■ Exercise data ■
══════════════════════════════

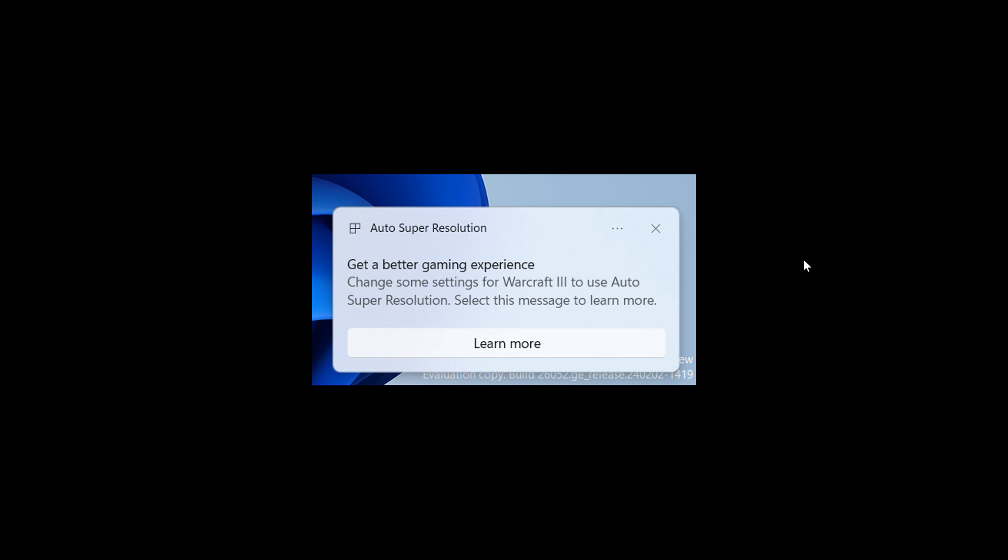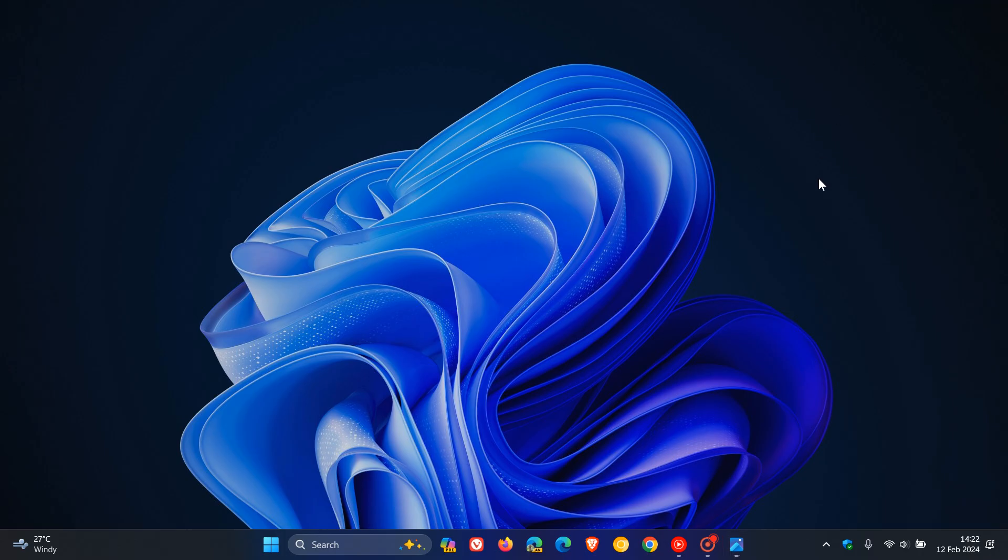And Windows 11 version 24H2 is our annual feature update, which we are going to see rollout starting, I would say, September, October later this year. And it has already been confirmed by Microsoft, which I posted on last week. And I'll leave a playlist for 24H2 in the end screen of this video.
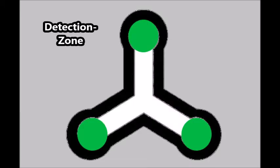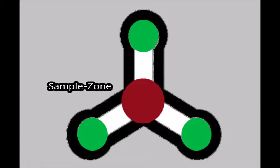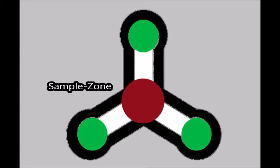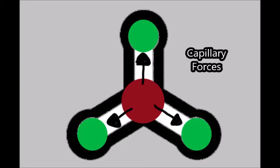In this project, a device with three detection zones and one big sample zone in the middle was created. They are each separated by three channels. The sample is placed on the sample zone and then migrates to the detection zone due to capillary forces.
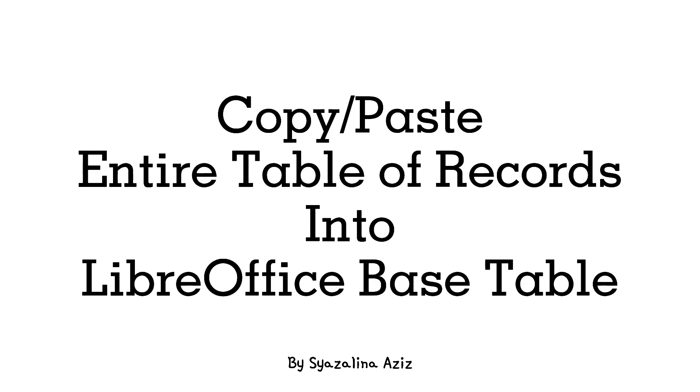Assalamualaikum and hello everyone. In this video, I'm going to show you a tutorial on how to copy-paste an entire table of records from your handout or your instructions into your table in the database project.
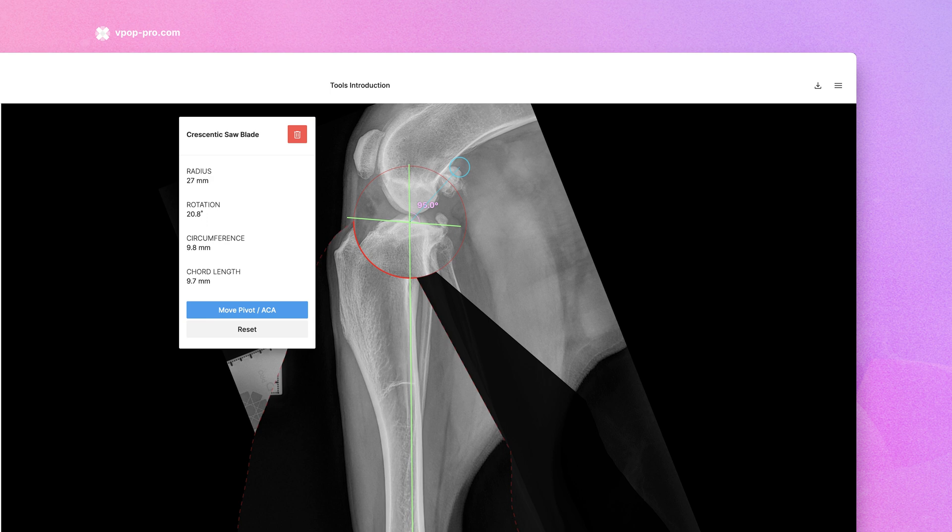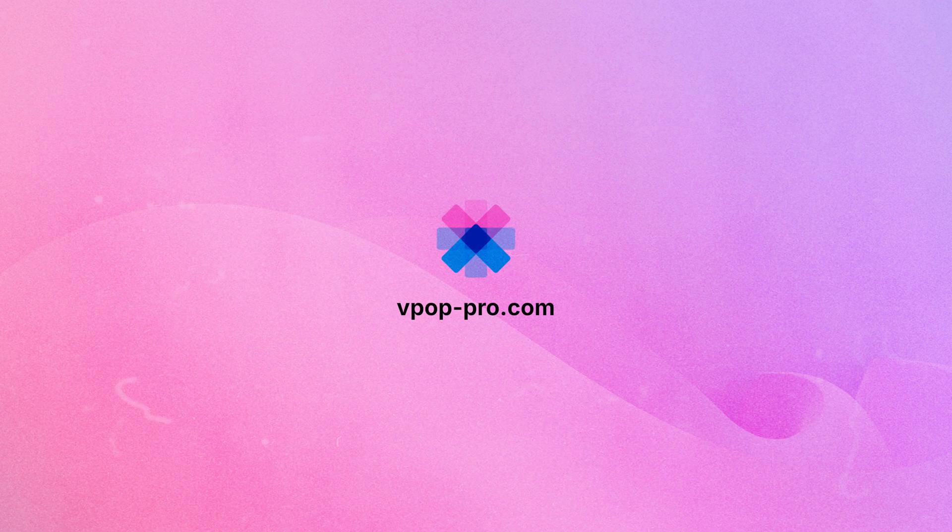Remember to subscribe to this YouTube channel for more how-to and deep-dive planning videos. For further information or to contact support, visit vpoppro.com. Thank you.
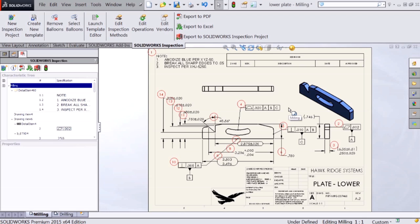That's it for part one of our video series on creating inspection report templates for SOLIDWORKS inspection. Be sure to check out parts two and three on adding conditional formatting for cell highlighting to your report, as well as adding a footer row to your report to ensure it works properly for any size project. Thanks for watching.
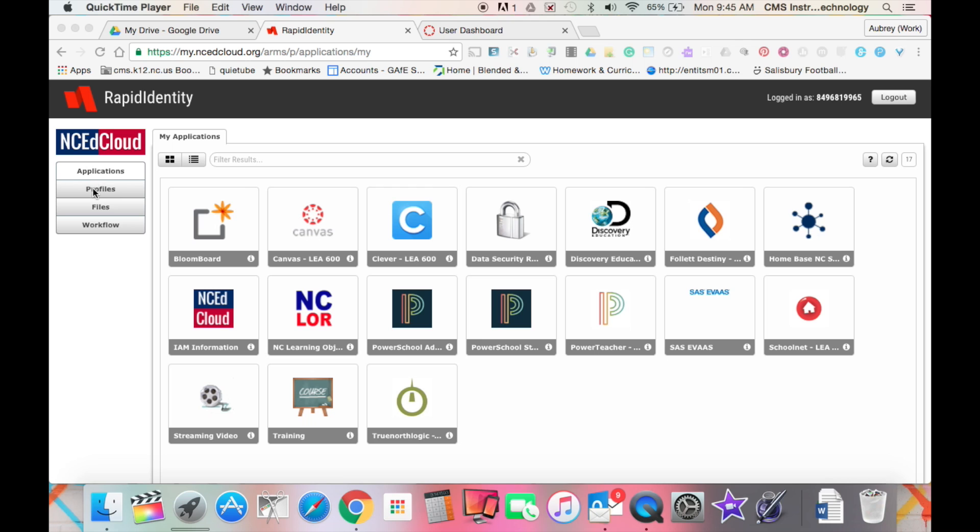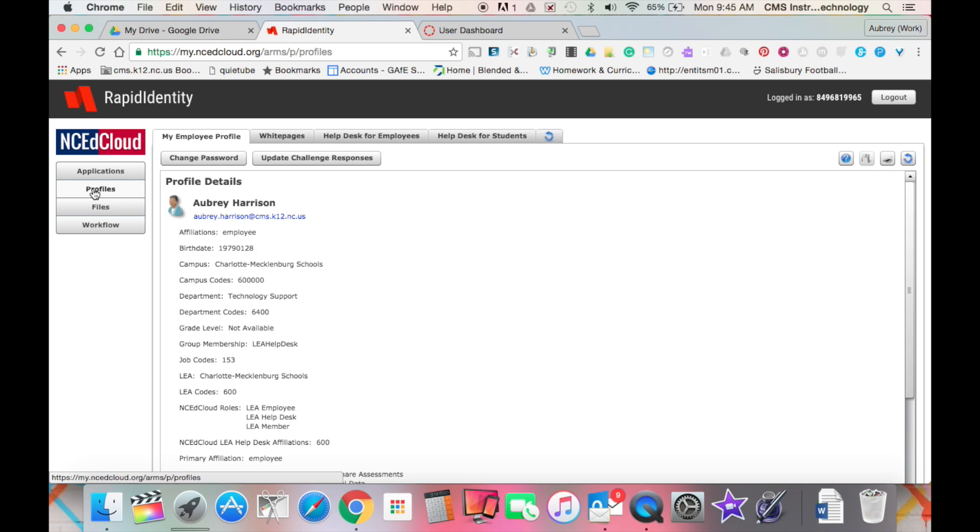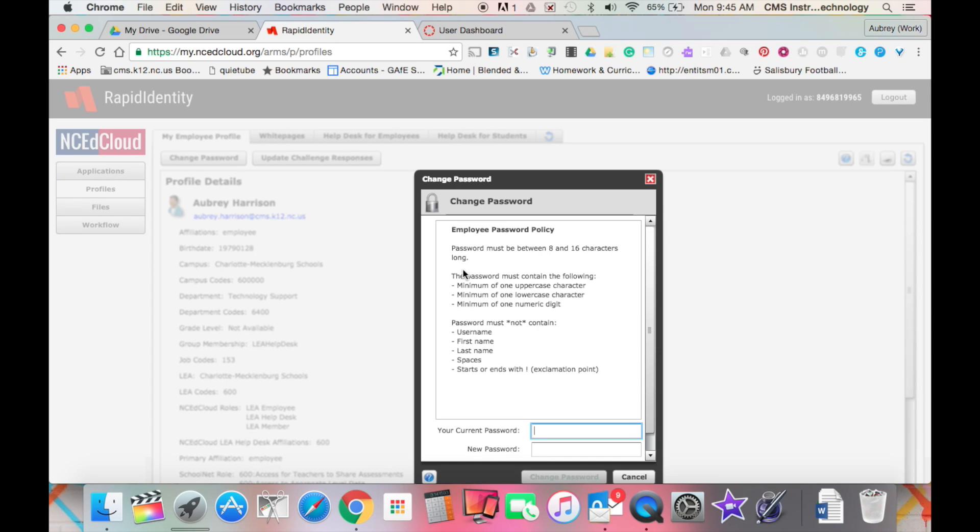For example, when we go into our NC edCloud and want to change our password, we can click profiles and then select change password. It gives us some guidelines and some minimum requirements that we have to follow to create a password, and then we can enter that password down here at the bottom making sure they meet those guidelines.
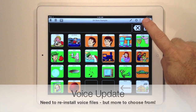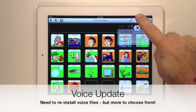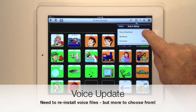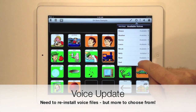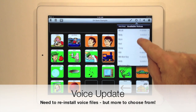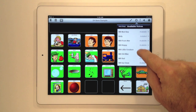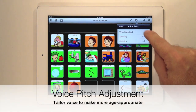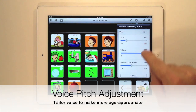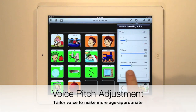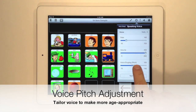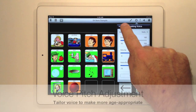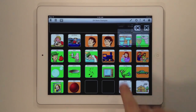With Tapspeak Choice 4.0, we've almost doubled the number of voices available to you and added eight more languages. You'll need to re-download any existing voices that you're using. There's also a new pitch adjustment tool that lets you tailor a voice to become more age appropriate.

══════════════════════════════

Your answer should set down the listing verbatim and leave out its images.

And Windows 11 version 24H2 is our annual feature update, which we are going to see rollout starting, I would say, September, October later this year. And it has already been confirmed by Microsoft, which I posted on last week. And I'll leave a playlist for 24H2 in the end screen of this video.
In this project, a device with three detection zones and one big sample zone in the middle was created. They are each separated by three channels. The sample is placed on the sample zone and then migrates to the detection zone due to capillary forces.
Assalamualaikum and hello everyone. In this video, I'm going to show you a tutorial on how to copy-paste an entire table of records from your handout or your instructions into your table in the database project.
Remember to subscribe to this YouTube channel for more how-to and deep-dive planning videos. For further information or to contact support, visit vpoppro.com. Thank you.
That's it for part one of our video series on creating inspection report templates for SOLIDWORKS inspection. Be sure to check out parts two and three on adding conditional formatting for cell highlighting to your report, as well as adding a footer row to your report to ensure it works properly for any size project. Thanks for watching.
For example, when we go into our NC edCloud and want to change our password, we can click profiles and then select change password. It gives us some guidelines and some minimum requirements that we have to follow to create a password, and then we can enter that password down here at the bottom making sure they meet those guidelines.
With Tapspeak Choice 4.0, we've almost doubled the number of voices available to you and added eight more languages. You'll need to re-download any existing voices that you're using. There's also a new pitch adjustment tool that lets you tailor a voice to become more age appropriate.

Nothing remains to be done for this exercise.